What the task asks –
Return exactly the lines from the "- and more https://t.co/96k6AJfgYQ" line through the last line of the entries below. Include no pictures.

Provided information –
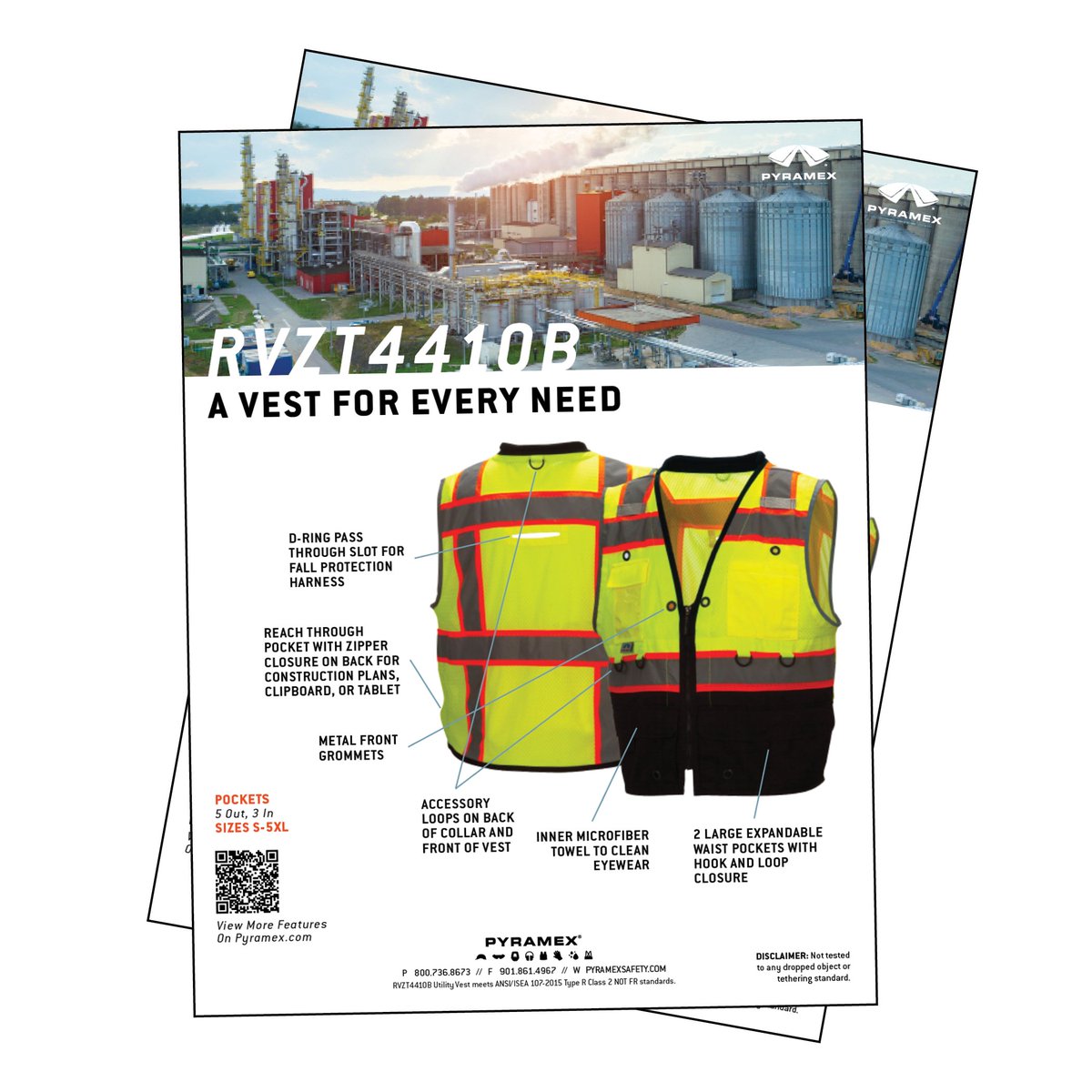 Pyramex's tweet photo. Coming soon: our new heavy-duty #utilityvest. This hi-vis top/black bottom vest meets ANSI Type R Class 2 & has a variety of features workers will love including:
- zipper front closure
- clear chest pocket
- 6 metal grommets
- D-ring pass-through for fall protection
- and more https://t.co/96k6AJfgYQ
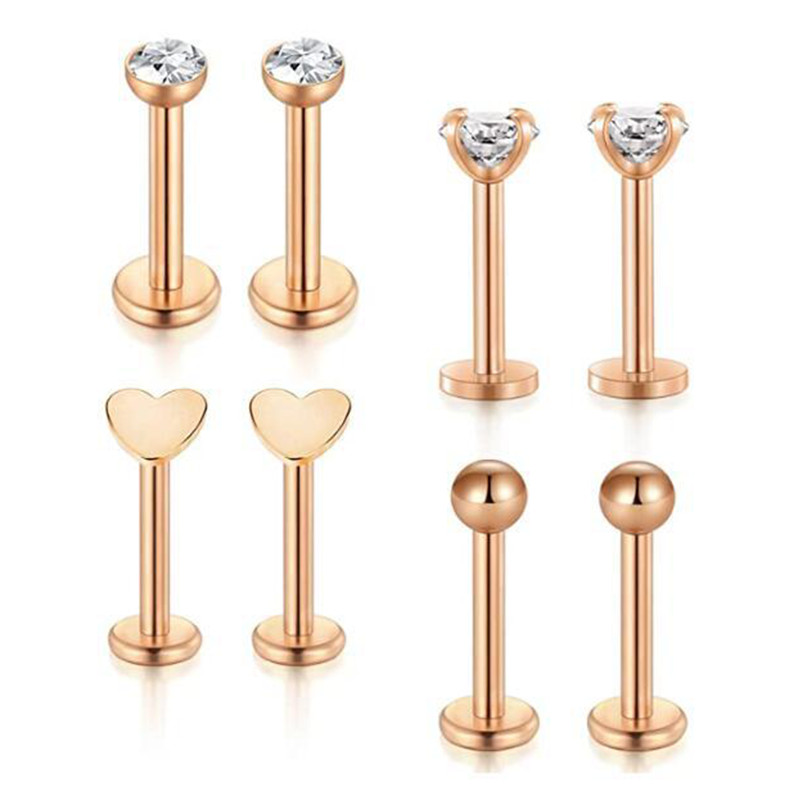 Set de piercing Labret de cristal 8 buc. 16G Inima Tragus Piercing Cercei Lot Conch Piercing Set Lip Labret Stud Lip Pircing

Response –
- and more https://t.co/96k6AJfgYQ
 Set de piercing Labret de cristal 8 buc. 16G Inima Tragus Piercing Cercei Lot Conch Piercing Set Lip Labret Stud Lip Pircing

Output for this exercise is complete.